WORK TO COMPLETE
An exact transcript of every entry is required, without any of the pictures.

DATA LISTING
***

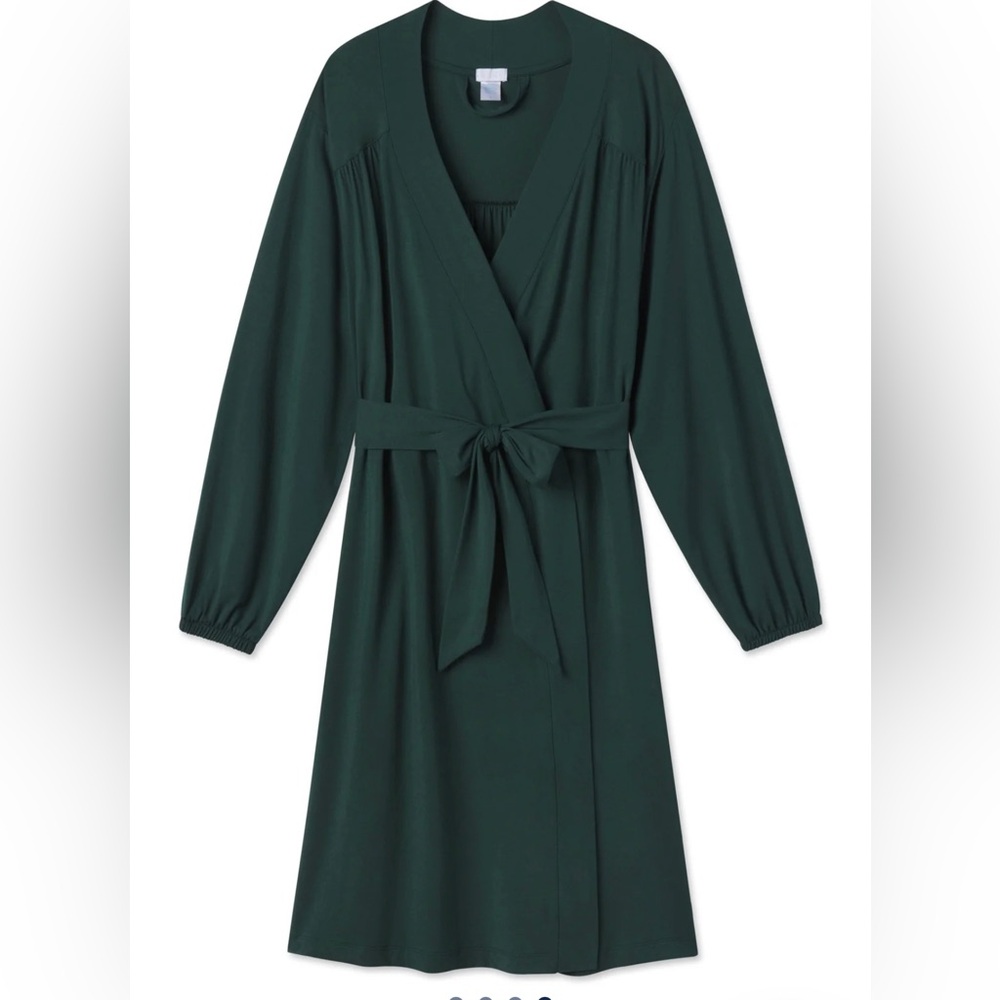 Lake Pajamas DreamModal Robe in Conifer Green Size small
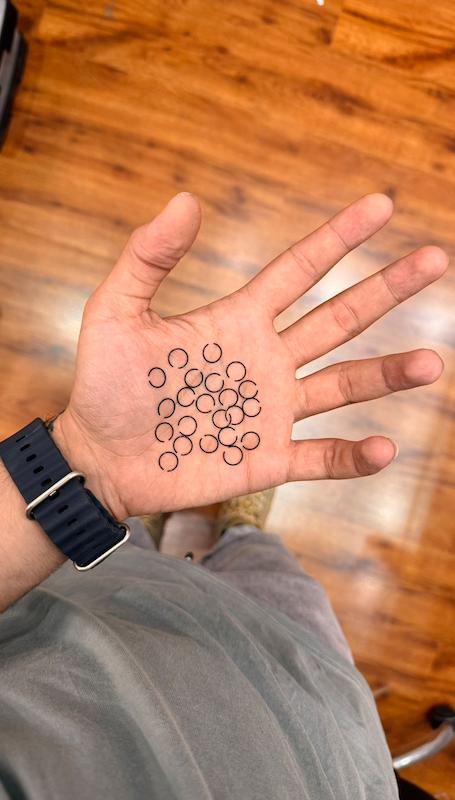 پرسینگ‌حلقه ای ساده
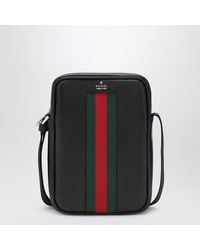 Gucci - Leather Bag With Web Detail - Lyst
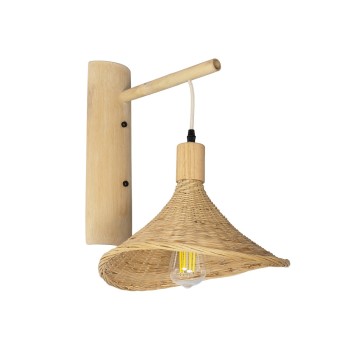 GLOBOSTAR® KALIA 01964 Boho Φωτιστικό Τοίχου - Απλίκα με Ντουί 1 x E27 AC 220-240V IP20 - Μπεζ - Μ33 x Π36 x Υ42cm GLOBOSTAR® KALIA 01964 Boho Φωτιστικό Τοίχου - Απλίκα με Ντουί 1 x E27 AC 220-240V IP20 - Μπεζ - Μ33 x Π36 x Υ42cm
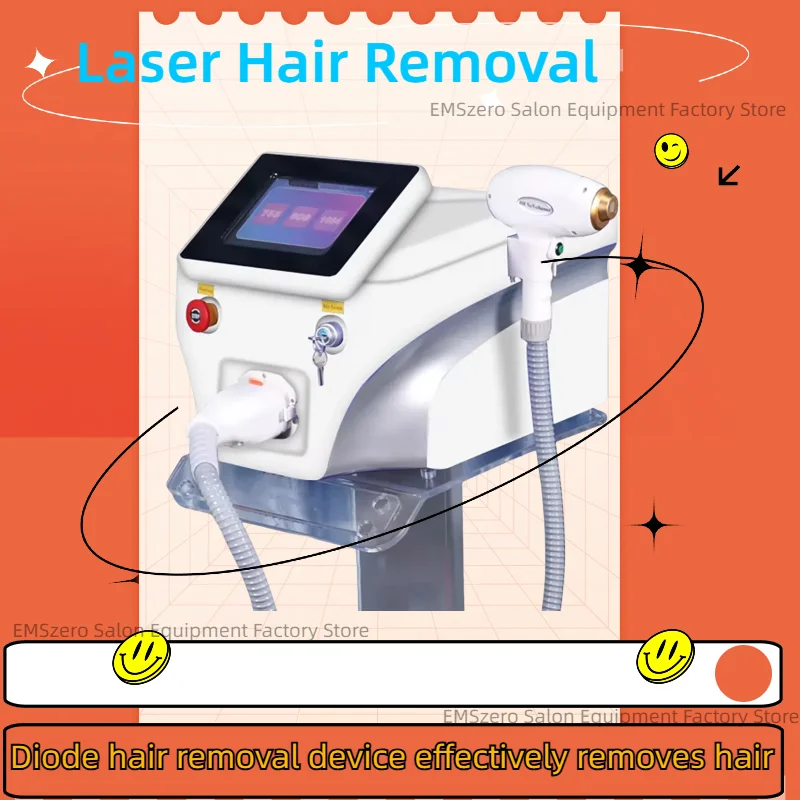 

New diode hair removal beauty instrument painless permanent hair removal three-wavelength machine 3000W photon rejuvenation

***

REPLY TO THE EXERCISE
 Lake Pajamas DreamModal Robe in Conifer Green Size small
 پرسینگ‌حلقه ای ساده
 Gucci - Leather Bag With Web Detail - Lyst
 GLOBOSTAR® KALIA 01964 Boho Φωτιστικό Τοίχου - Απλίκα με Ντουί 1 x E27 AC 220-240V IP20 - Μπεζ - Μ33 x Π36 x Υ42cm GLOBOSTAR® KALIA 01964 Boho Φωτιστικό Τοίχου - Απλίκα με Ντουί 1 x E27 AC 220-240V IP20 - Μπεζ - Μ33 x Π36 x Υ42cm

New diode hair removal beauty instrument painless permanent hair removal three-wavelength machine 3000W photon rejuvenation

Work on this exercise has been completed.